# [Task objective]
Every entry that follows must be written out exactly, apart from its pictures.

═══ Source data

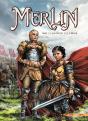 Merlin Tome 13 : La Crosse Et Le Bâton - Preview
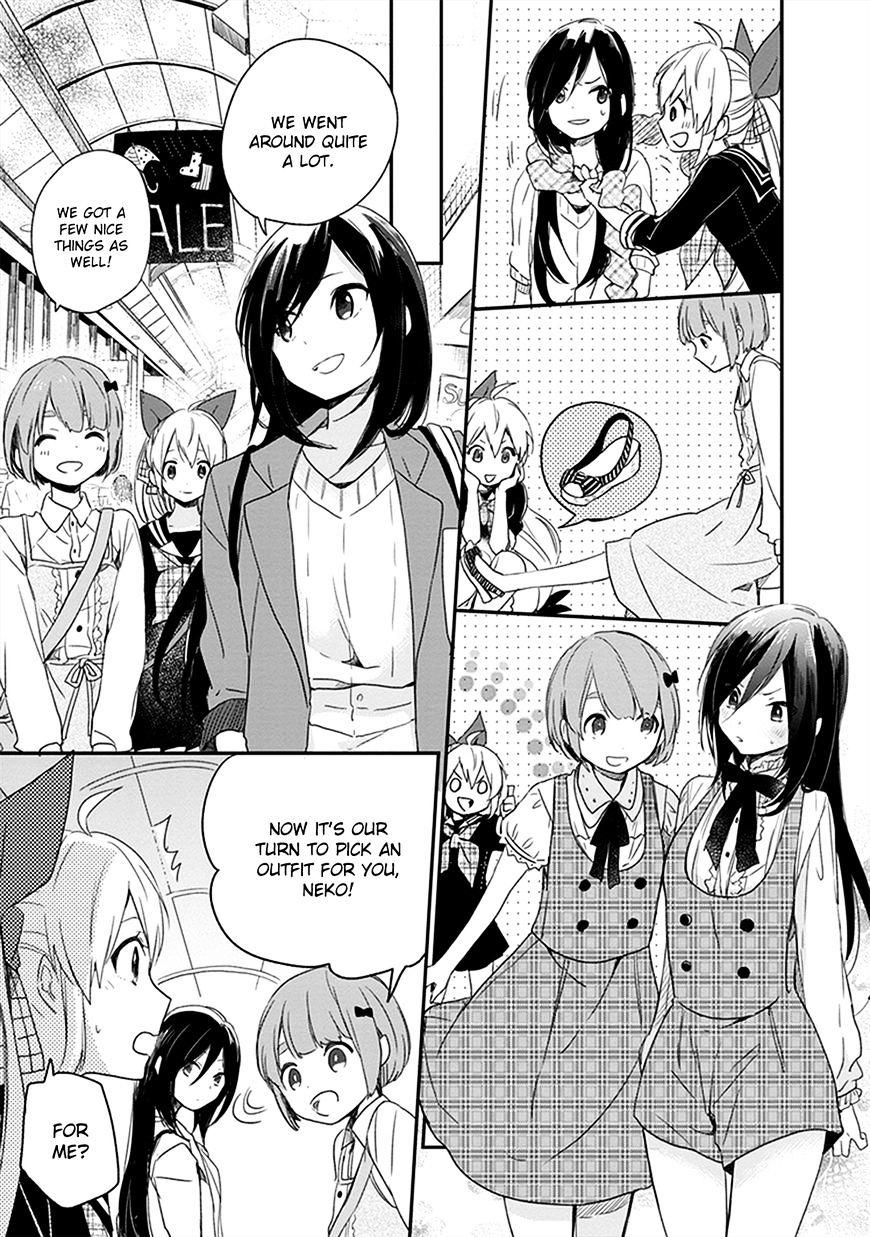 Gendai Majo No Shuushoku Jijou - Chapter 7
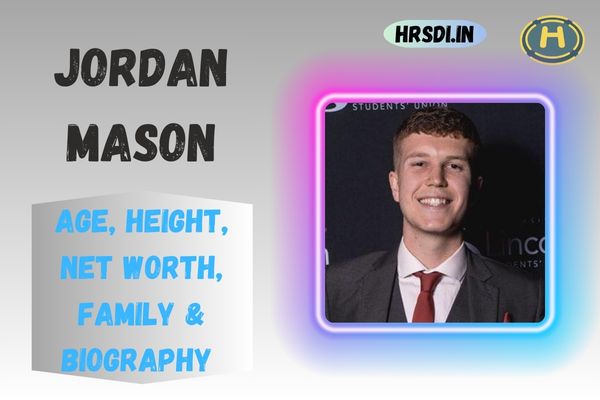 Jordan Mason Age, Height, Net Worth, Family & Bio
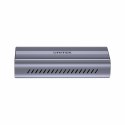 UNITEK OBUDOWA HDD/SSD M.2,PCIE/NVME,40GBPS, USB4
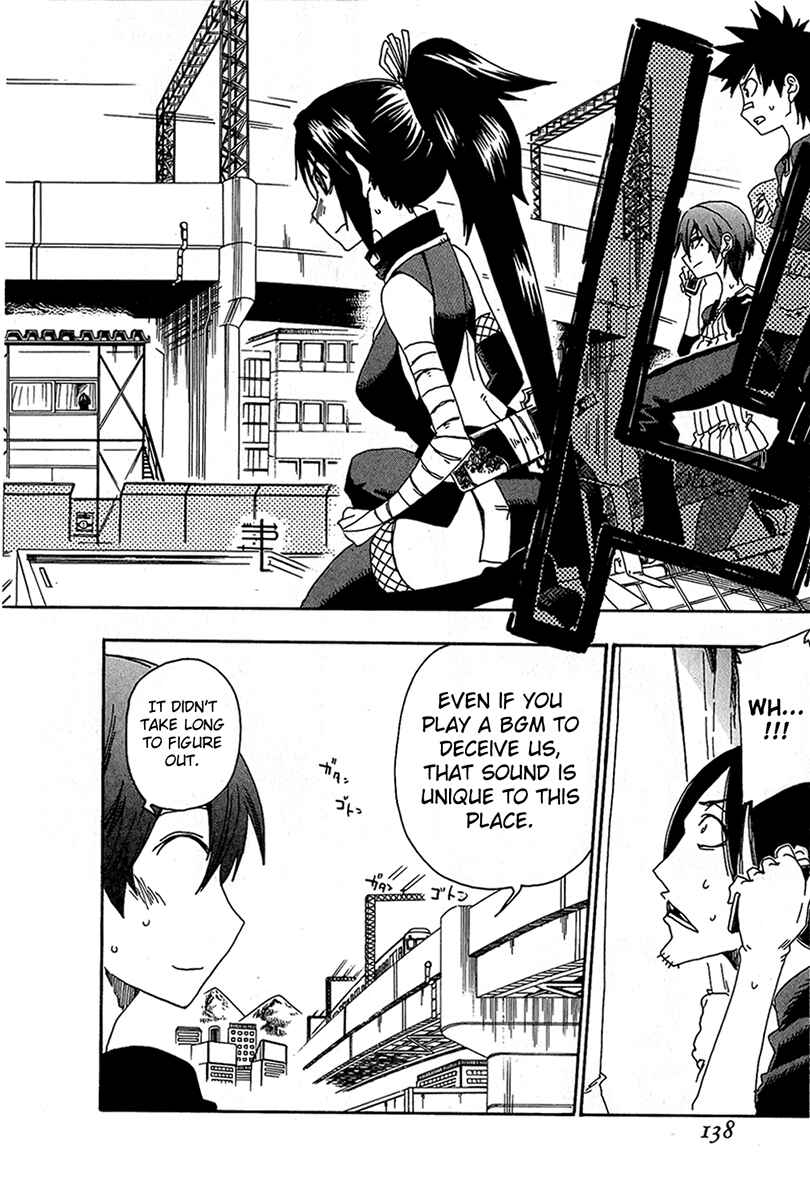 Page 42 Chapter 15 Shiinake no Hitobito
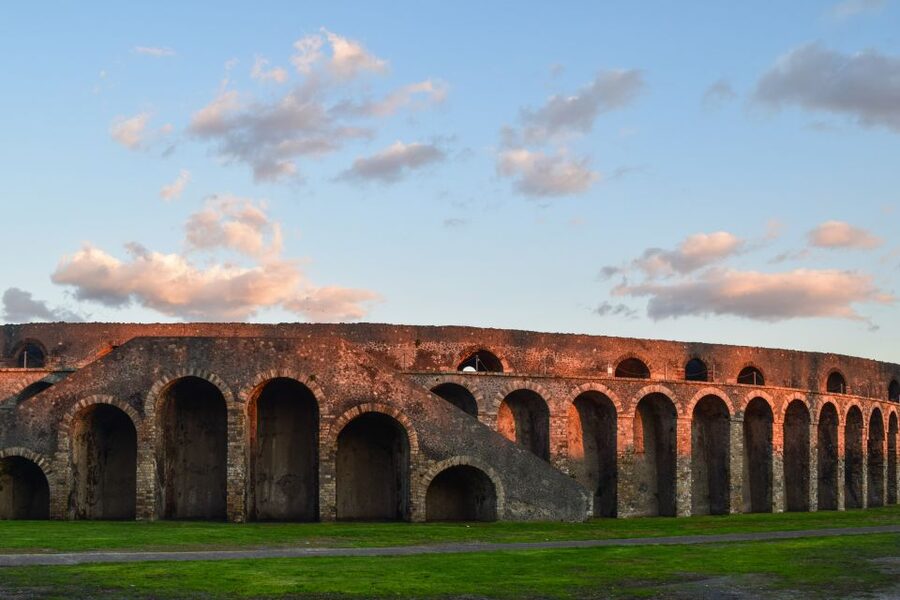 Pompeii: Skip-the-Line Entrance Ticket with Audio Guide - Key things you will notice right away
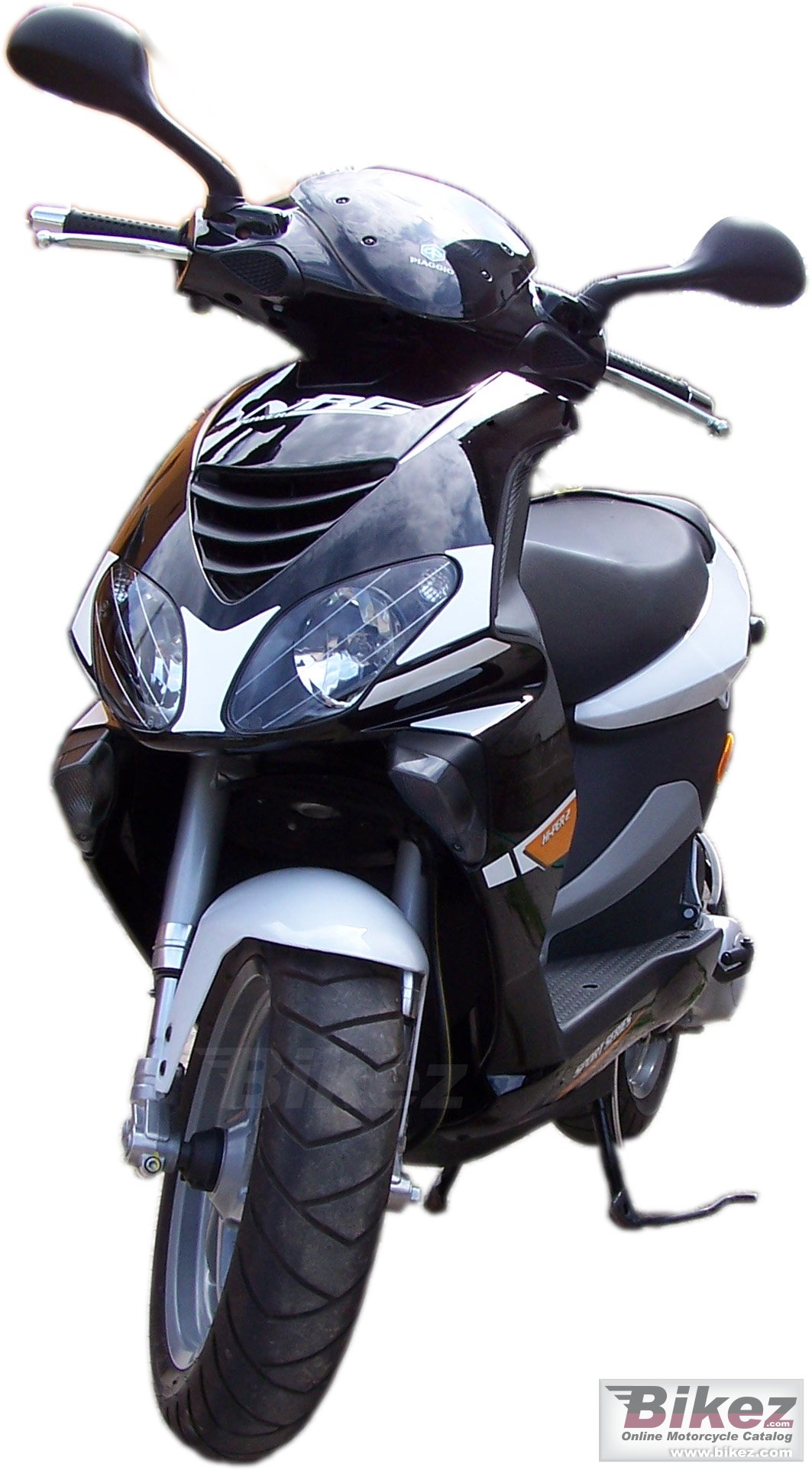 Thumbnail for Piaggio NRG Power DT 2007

══════

# [Solution]
 Merlin Tome 13 : La Crosse Et Le Bâton - Preview
 Gendai Majo No Shuushoku Jijou - Chapter 7
 Jordan Mason Age, Height, Net Worth, Family & Bio
 UNITEK OBUDOWA HDD/SSD M.2,PCIE/NVME,40GBPS, USB4
 Page 42 Chapter 15 Shiinake no Hitobito
 Pompeii: Skip-the-Line Entrance Ticket with Audio Guide - Key things you will notice right away
 Thumbnail for Piaggio NRG Power DT 2007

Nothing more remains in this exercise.